┌─ RAW DATA
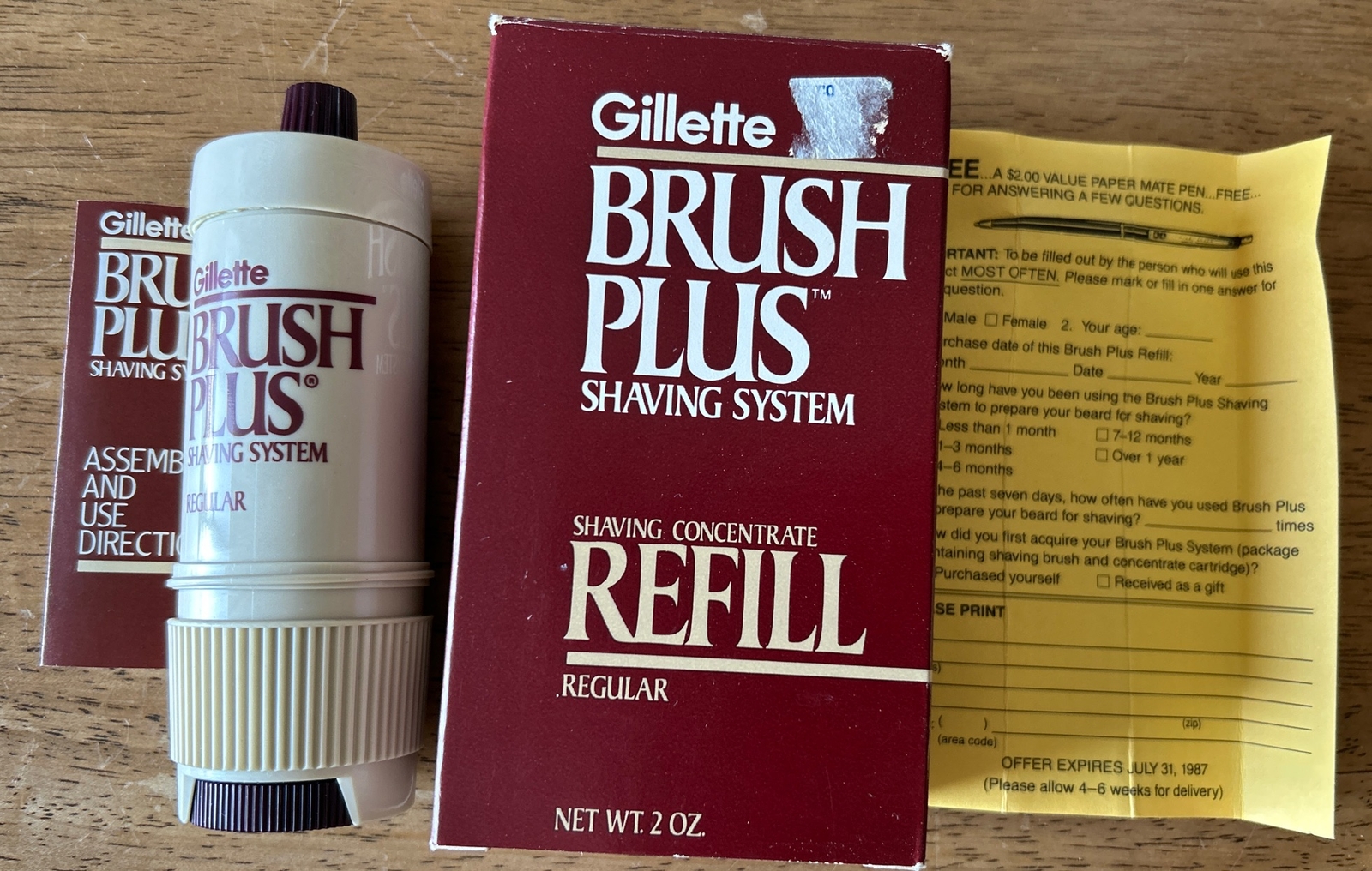 Gillette Brush Plus Shaving System Refill Shaving Concentrate Vintage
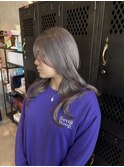 ハイトーンダブルカラーグレージュ小顔フェイスレイヤーロング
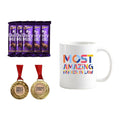 Father's Day Coffee Mug, Coaster & Award Medal Chocolate Combo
└─
What the answer must hold: all the data above, given again exactly, without pictures.

SOLVED EXERCISE:
 Gillette Brush Plus Shaving System Refill Shaving Concentrate Vintage
 ハイトーンダブルカラーグレージュ小顔フェイスレイヤーロング
 Father's Day Coffee Mug, Coaster & Award Medal Chocolate Combo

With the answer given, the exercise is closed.